Шрифт:
Некоторое время я погружена в книгу. Затем, застряв на описании какой-нибудь трапезы, мечтаю. Вот я в унынии бреду по улице.
И вдруг мне навстречу — Сталин.
— Чего ты хочешь, Леночка? — спрашивает он и улыбается.
— Чтобы наши победили!
Но я чую, что будет задан и второй вопрос. Ответ на него у меня тщательно продуман.
— А чего бы ты еще хотела, Леночка?
— Горохового супу с грудинкой!
Такой суп был коронным номером в нашей семье. Я вижу перед собой тарелку с янтарной жидкостью, густой запах щекочет мне ноздри, на языке вкус рассыпчатой, сладкой горошины…
Нет, нет! Читать, читать, читать. Сталин по улицам просто так не ходит.
Во второй половине дня, когда комната уже вся синяя — темнеет рано — я цепенею под своей шубой от слабости. Голод неотступно терзает меня, как зубная боль, которой конца не видно. На ум приходят недобрые мысли…
Преступление и наказание
Есть поступки в детстве, которые казнят жгучим стыдом всю жизнь. В сущности, это мелочи, но в них как бы отражены все твои плохие задатки.
Безусловно, позднее ты ничего подобного не делал, наоборот, был честен и прям, но ведь когда-то ты все-таки СМОГ… И эта мысль нестерпима.
Для ужина в ящик стола отложены три ломтика хлеба и три дольки шоколада. Мне это хорошо известно, стол не заперт — мне вполне доверяют. Но после грез о гороховом супе я могу думать только о еде. Настоящее наваждение. А что, если от шоколадки отрезать совсем незаметный краешек?
Этого, наверняка, никто не увидит. И потом — я ведь возьму СВОЮ долю…
Острым ножом срезаю один пластик. Чудно, ни малейшего следа. Еще срежем.
Еще… Еще… Вкусно-то как! Еще! Еще! Теперь — хлебца…

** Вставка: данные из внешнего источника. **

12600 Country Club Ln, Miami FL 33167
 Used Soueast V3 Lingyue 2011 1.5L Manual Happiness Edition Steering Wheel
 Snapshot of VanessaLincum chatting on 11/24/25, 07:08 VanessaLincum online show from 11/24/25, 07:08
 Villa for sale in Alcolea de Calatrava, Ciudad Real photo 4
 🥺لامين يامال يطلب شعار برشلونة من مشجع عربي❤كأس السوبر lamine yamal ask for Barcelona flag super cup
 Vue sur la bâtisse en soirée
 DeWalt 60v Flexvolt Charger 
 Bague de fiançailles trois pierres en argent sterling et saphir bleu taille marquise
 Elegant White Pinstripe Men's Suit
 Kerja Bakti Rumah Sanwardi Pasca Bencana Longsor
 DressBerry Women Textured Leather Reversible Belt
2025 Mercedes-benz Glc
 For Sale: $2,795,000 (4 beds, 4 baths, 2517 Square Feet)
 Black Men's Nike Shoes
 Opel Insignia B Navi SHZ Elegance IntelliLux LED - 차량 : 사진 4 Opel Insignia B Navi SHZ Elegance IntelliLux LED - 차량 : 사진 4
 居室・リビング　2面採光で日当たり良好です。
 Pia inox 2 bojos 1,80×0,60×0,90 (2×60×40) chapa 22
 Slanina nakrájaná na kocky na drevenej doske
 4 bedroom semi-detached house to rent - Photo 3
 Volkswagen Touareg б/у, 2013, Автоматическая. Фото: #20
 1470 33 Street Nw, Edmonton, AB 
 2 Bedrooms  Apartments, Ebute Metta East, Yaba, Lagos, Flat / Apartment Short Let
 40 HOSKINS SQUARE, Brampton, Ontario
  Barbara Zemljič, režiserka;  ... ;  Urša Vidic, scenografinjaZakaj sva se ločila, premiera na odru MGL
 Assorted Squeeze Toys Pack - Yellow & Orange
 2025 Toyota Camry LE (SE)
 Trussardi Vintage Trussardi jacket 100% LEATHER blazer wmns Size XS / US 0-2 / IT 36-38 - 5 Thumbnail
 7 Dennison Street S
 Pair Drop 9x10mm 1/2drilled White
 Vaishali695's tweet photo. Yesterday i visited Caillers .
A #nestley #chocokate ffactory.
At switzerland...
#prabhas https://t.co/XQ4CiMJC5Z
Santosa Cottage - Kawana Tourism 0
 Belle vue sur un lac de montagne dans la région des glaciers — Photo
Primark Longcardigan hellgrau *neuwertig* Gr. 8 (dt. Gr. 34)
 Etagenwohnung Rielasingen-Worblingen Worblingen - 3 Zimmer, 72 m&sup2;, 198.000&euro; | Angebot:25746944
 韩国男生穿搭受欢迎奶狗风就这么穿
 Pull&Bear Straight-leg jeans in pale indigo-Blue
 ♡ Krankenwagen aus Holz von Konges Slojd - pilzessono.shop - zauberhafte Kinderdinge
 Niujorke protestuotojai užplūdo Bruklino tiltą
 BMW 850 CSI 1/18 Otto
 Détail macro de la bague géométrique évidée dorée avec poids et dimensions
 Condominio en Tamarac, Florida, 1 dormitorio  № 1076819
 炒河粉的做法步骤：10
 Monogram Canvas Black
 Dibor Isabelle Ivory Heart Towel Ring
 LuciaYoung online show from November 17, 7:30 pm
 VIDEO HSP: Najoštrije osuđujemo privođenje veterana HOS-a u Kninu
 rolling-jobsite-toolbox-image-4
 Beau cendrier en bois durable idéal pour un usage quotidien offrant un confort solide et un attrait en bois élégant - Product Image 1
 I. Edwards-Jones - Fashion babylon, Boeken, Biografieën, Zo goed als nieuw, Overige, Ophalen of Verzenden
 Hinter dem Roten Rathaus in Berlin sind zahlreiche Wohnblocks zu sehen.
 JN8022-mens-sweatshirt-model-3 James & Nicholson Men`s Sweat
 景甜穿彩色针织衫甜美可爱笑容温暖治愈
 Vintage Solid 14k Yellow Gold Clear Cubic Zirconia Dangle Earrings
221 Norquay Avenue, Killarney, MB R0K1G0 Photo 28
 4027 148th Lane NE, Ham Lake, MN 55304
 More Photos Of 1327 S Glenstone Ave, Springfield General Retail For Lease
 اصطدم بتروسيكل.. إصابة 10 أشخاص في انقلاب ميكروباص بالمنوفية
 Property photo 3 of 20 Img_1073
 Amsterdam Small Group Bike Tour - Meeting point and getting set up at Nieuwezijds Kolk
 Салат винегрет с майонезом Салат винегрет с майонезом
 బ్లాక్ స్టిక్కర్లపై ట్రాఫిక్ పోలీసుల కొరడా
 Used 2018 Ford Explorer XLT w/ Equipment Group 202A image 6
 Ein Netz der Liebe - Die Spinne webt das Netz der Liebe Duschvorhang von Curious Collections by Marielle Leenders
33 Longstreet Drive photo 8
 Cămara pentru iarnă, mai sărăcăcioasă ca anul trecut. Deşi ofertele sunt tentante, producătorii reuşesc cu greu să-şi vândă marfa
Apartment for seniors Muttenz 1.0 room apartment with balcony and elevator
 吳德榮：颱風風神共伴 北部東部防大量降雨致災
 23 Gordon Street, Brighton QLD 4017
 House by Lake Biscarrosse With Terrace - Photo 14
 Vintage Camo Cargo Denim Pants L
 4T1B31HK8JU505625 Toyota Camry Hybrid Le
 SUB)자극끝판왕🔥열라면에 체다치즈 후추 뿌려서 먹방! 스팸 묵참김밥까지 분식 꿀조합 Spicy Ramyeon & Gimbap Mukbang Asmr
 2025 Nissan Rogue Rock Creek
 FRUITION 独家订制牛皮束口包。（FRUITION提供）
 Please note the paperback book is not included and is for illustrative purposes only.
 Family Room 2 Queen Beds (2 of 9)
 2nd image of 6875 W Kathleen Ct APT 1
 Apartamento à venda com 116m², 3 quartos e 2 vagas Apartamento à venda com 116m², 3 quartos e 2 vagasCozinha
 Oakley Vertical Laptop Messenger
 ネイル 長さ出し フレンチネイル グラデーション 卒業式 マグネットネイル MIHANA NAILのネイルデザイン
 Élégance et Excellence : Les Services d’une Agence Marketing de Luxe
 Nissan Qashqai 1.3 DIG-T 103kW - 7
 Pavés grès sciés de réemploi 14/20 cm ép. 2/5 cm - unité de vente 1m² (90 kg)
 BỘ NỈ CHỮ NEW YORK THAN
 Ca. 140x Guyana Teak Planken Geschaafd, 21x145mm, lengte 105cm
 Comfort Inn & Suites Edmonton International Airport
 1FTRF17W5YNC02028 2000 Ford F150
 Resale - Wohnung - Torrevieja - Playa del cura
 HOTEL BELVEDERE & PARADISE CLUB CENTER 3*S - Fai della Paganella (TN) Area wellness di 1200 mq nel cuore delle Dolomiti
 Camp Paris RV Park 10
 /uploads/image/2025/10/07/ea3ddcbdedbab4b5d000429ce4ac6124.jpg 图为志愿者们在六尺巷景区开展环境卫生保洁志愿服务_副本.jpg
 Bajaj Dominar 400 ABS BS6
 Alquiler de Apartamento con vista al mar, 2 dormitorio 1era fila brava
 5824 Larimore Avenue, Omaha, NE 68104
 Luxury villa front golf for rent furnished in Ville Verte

От моей доли не остается и крошки. Возьму немного от папиной. Опять пускаю в ход нож…
Когда на тарелке чернеет последний ломоть, я хватаюсь за голову. Что я натворила! Оставила всех без еды. Как я взгляну в глаза маме? (Папы я не боюсь).
Но это еще не было преступлением.
Отец пришел на сей раз пораньше. Поставил на «буржуйку» (камин заменила жестяная печурка с коленчатой, через всю комнату, трубой) чайник, приготовил стаканы. Сейчас должна появиться мама. Затаившись, я обреченно жду стука в двери…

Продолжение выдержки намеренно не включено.